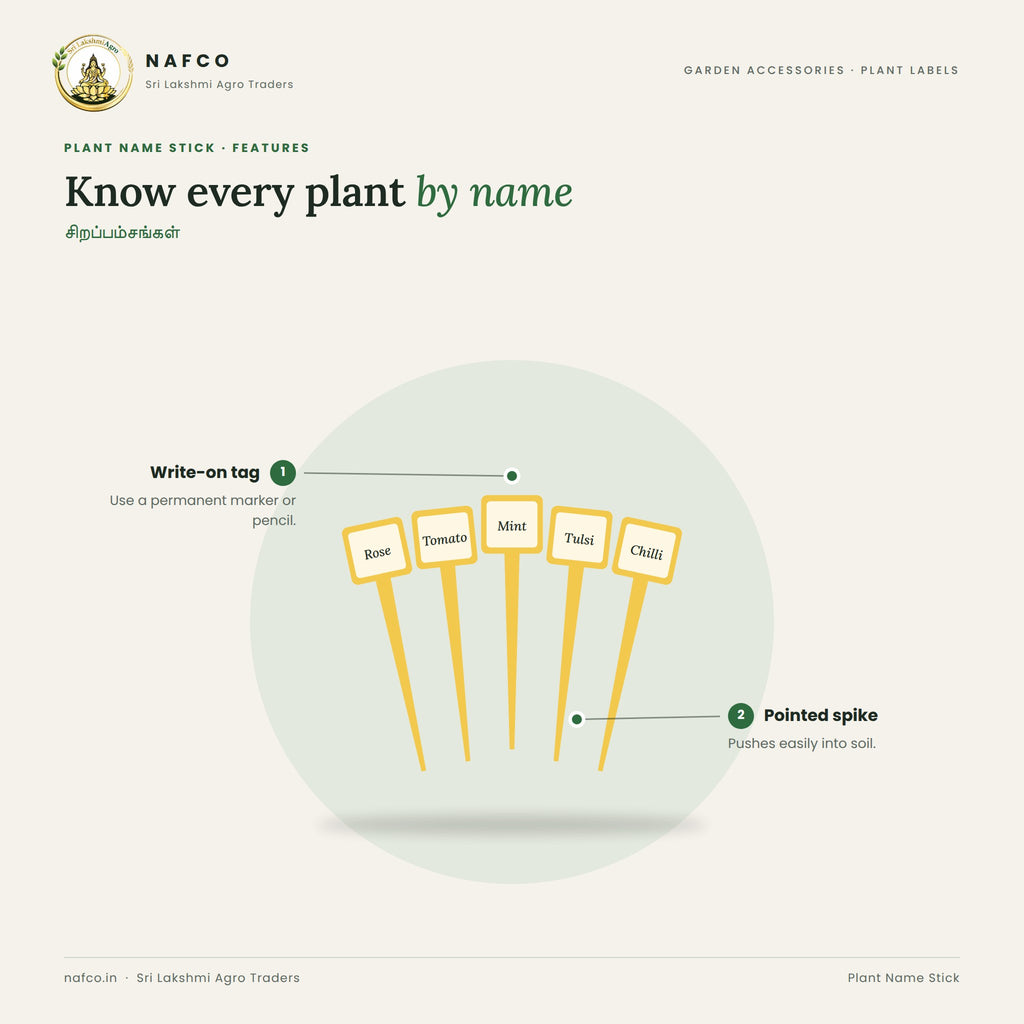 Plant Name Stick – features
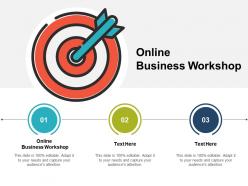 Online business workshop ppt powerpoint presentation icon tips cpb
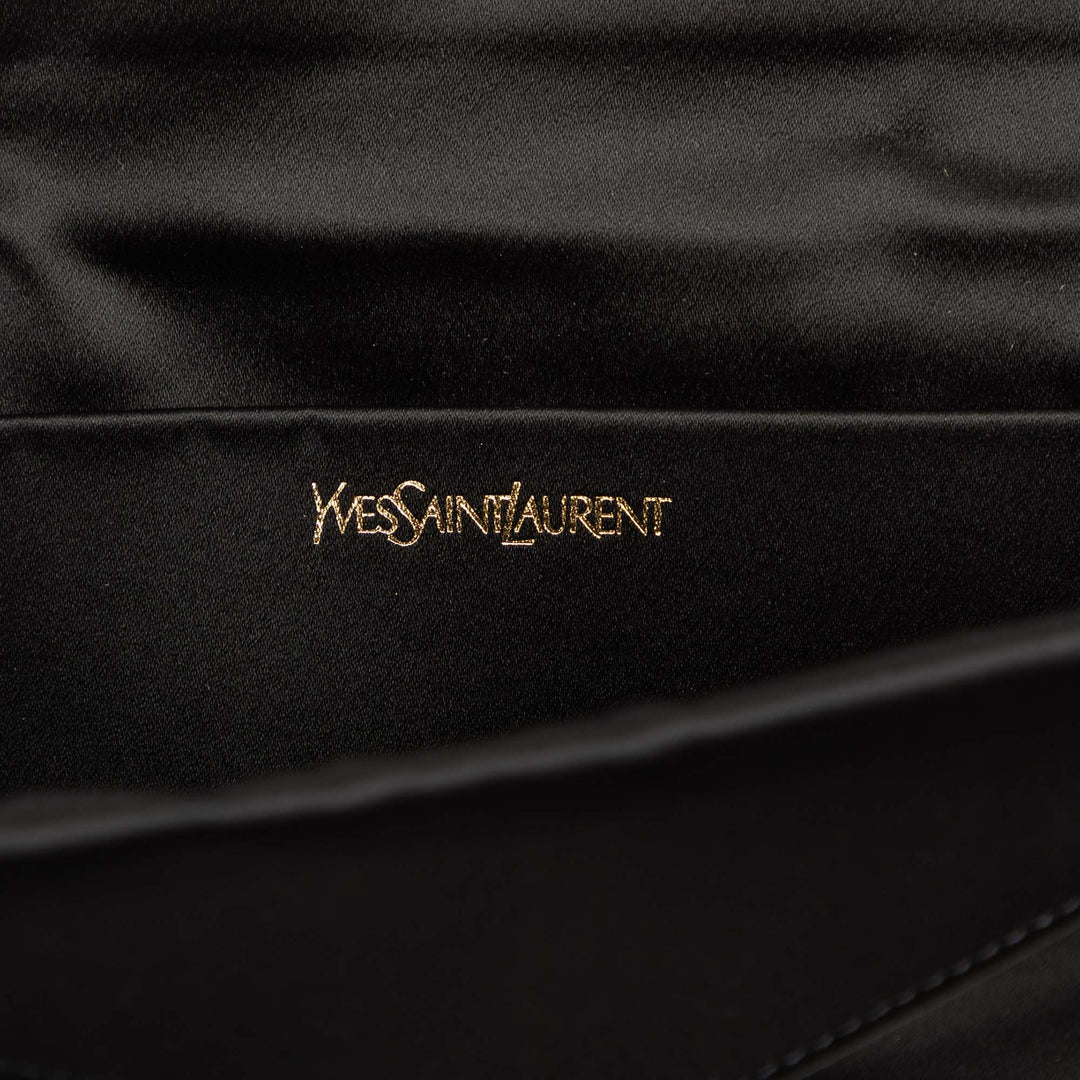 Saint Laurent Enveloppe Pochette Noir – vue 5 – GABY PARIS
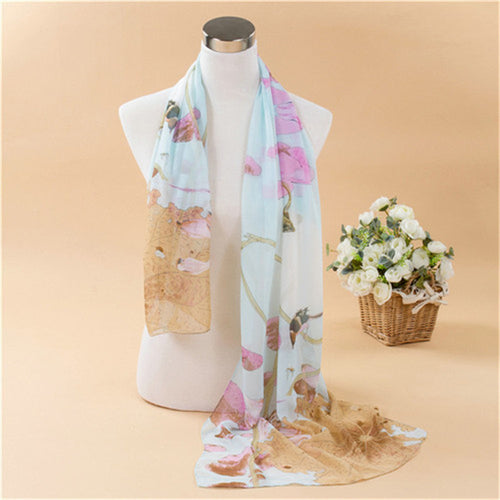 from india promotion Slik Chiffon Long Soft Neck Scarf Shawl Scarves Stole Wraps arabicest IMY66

= Task item =
Once the images are dropped, set down the remaining material word for word.

= Result =
 Plant Name Stick – features
 Online business workshop ppt powerpoint presentation icon tips cpb
 Saint Laurent Enveloppe Pochette Noir – vue 5 – GABY PARIS
 from india promotion Slik Chiffon Long Soft Neck Scarf Shawl Scarves Stole Wraps arabicest IMY66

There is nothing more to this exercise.